How to share credentials with clients (without leaking them)
If you run an agency, freelance, or consult, this conversation is your weekly routine: the client needs the WordPress admin password, you need their AWS keys, someone needs the staging database URL. And the channel, almost every time, is email or Slack.
Both fail the same way, for the same reason: retention.
The problem isn't interception — it's storage
TLS protects messages in transit; almost nobody is sniffing your packets. The real exposure is that email and chat are databases of everything ever sent. The password you emailed in 2023 is still there — in the recipient's inbox, your sent folder, both providers' servers, every backup, and every device either of you has logged into since. When any one of those is compromised — one successful phish, one stolen laptop, one reused password on the client's side — the attacker doesn't get one credential. They get the archive. "Search inbox for password" is a standard post-breach move precisely because it works.
Add the offboarding problem: the contractor you stopped working with two years ago still has every credential you ever Slacked them, and you have no way to know which ones, let alone revoke the copies.
What "good" looks like
A credential handoff is safe when it has these properties:
- Ephemeral — the message ceases to exist after delivery, automatically, without relying on anyone's discipline.
- End-to-end encrypted — no server in the middle can read it, so a breach of the middleman reveals nothing.
- Delivery-confirmed — you know it arrived, and to whom, because exactly one open is possible.

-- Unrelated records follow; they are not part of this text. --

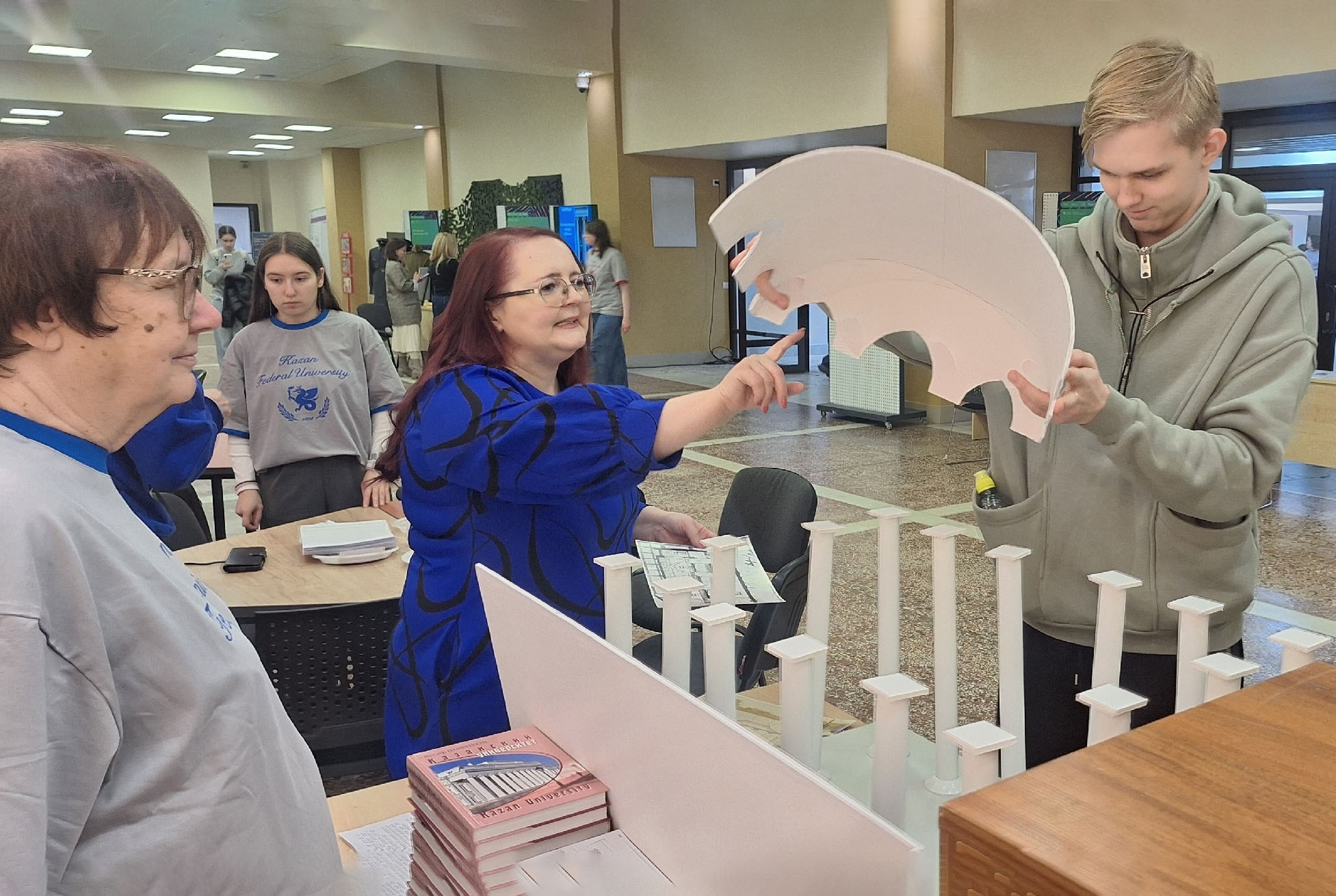 XIX 'PROнаука' в КФУ: вечер, когда оживали супергерои науки XIX 'PROнаука' в КФУ: вечер, когда оживали супергерои науки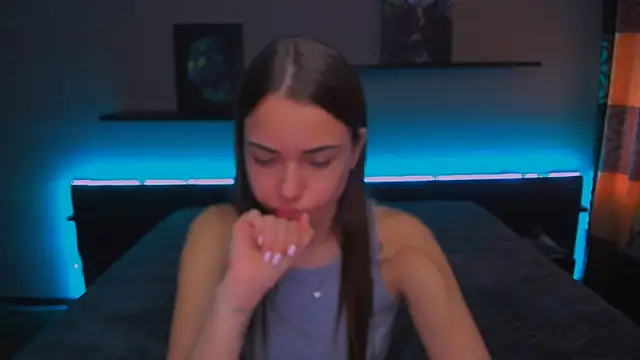 AlexaBarkley online show from 02/25/25, 06:25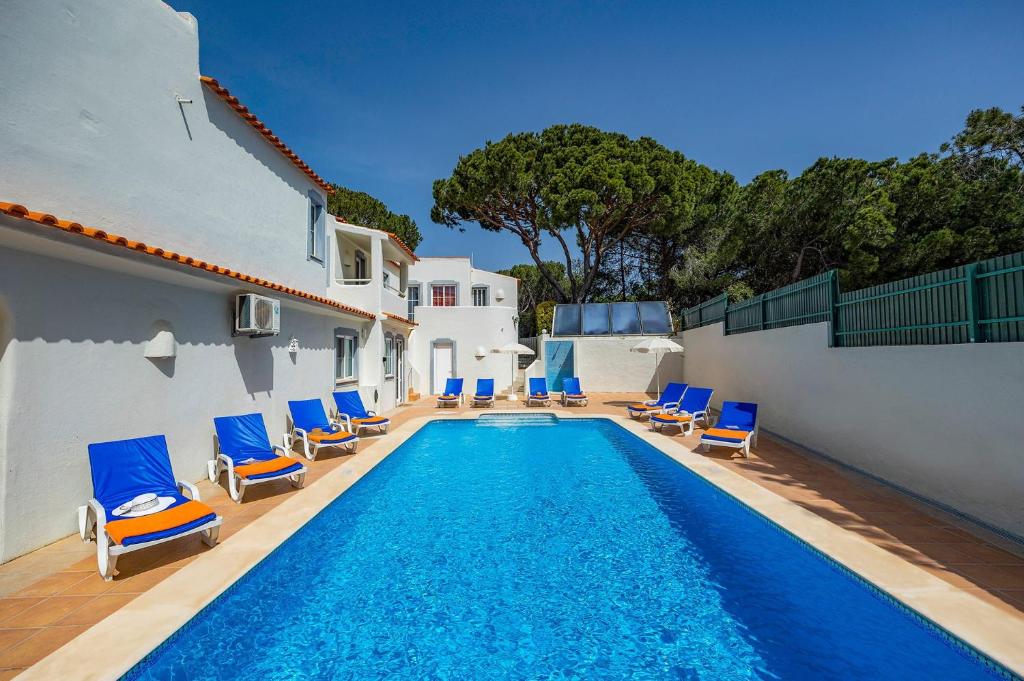 VALE DAS CANAS - VILLA 3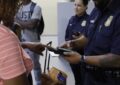 Abogados en EE.UU. coinciden: estos son los migrantes que deben preocuparse por el ICE en los aeropuertos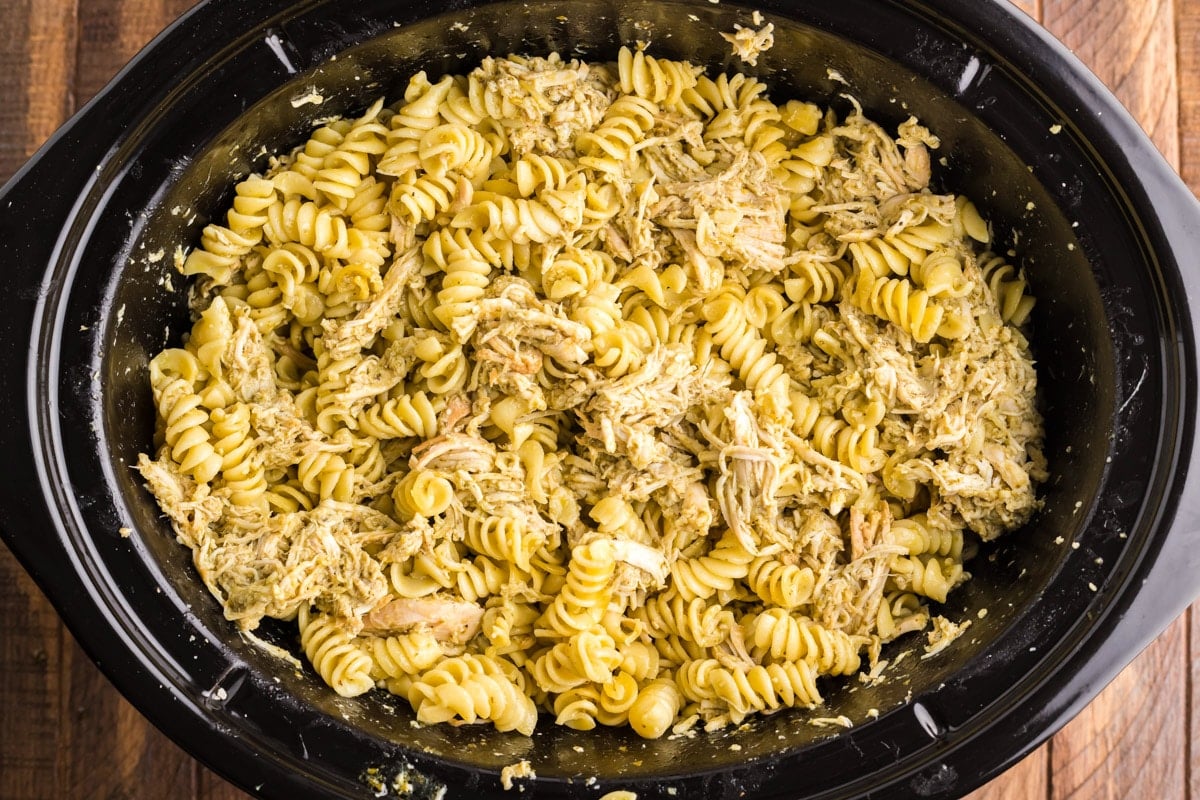 pasta added to the pesto chicken.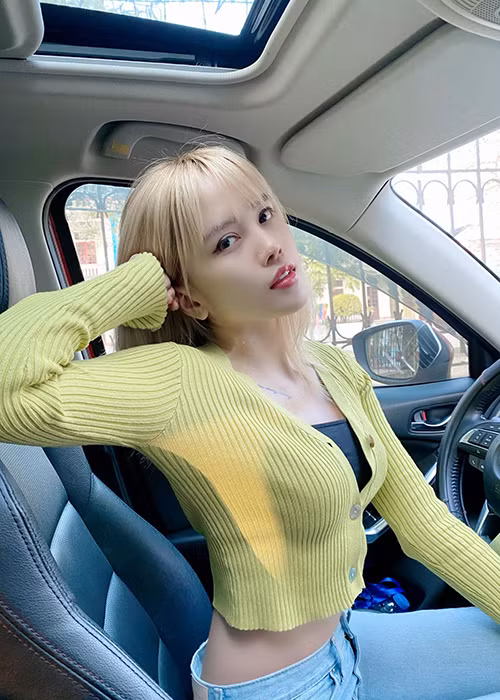 Giống bạn trai tin đồn, nữ ca sĩ sinh năm 1994 ăn diện thời thượng.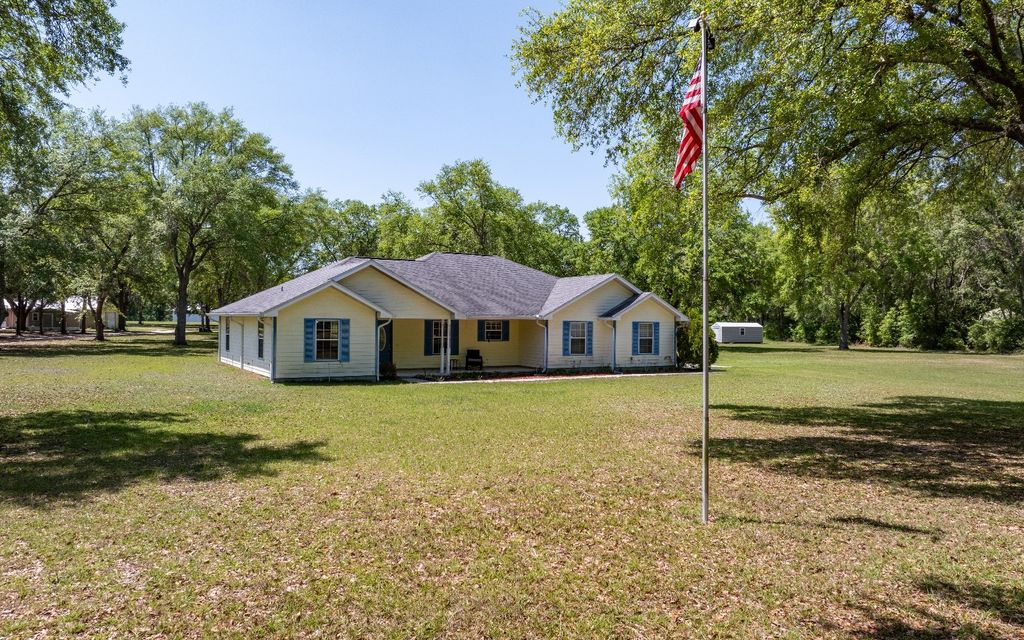 Photo of 18261 73 Place, McAlpin, FL 32062 (MLS # 126610)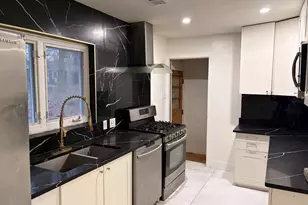 23000 Sherman Rd, Steger, IL 60475 - Photo 9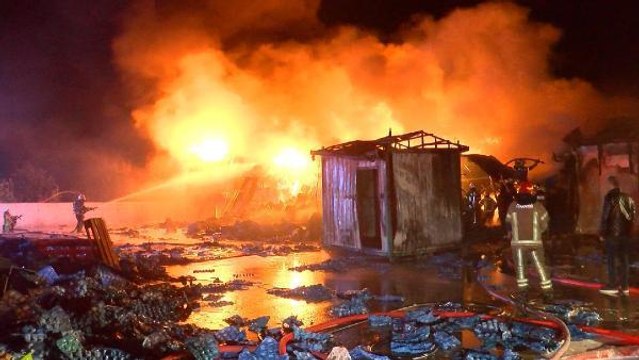 BURSA'DA SOĞUK HAVA DEPOSUNDA YANGIN; 3 İŞÇİ DUMANDAN ETKİLENDİ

- Accountless for the other side — clients won't install a tool or create an account for a 30-second task. Any workflow that requires it will be bypassed back to email.
The workflow that survives contact with real clients
- Send a one-time encrypted link. The credential is encrypted in your browser; the decryption key rides in the URL fragment, which never reaches any server. The first open destroys the secret — if the link leaks afterwards, it opens nothing.
- Send the link over the channel you already share (email, Slack, WhatsApp). This is now safe: the channel only ever saw a link that no longer works. Its retention problem stops mattering.
- If the link arrives already-dead, treat it as an incident. One-time delivery doubles as a tripwire: "already viewed" before your client opened it means someone else did. Rotate the credential — you just caught an interception that email would have hidden forever.
- For the crown jewels, skip storage entirely. Live P2P transfer moves the secret directly between your browser and the client's, end-to-end encrypted with forward secrecy — it never exists on any server, even as ciphertext.
- Receiving credentials? Send a request link instead. Clients will otherwise reply with the password in plaintext — it's what people do. A secret-request link inverts the flow: they paste, it encrypts in their browser, you get a one-time read.
The checklist
- Never send credentials as message text — only as one-time links.
- Set the shortest expiry the workflow tolerates (hours, not weeks).
- Rotate immediately if a link reports "already viewed".
- Use P2P mode for keys with long lifetimes (SSH, signing, cloud root).
- Request secrets via request links; never let clients improvise.
- Keep an audit trail of what was shared when — without storing the secrets themselves.
The uncomfortable truth about credential leaks is that they're rarely exotic. They're an old email, found later, by the wrong person. The fix costs thirty seconds: share a link that dies on arrival, instead of a message that lives forever.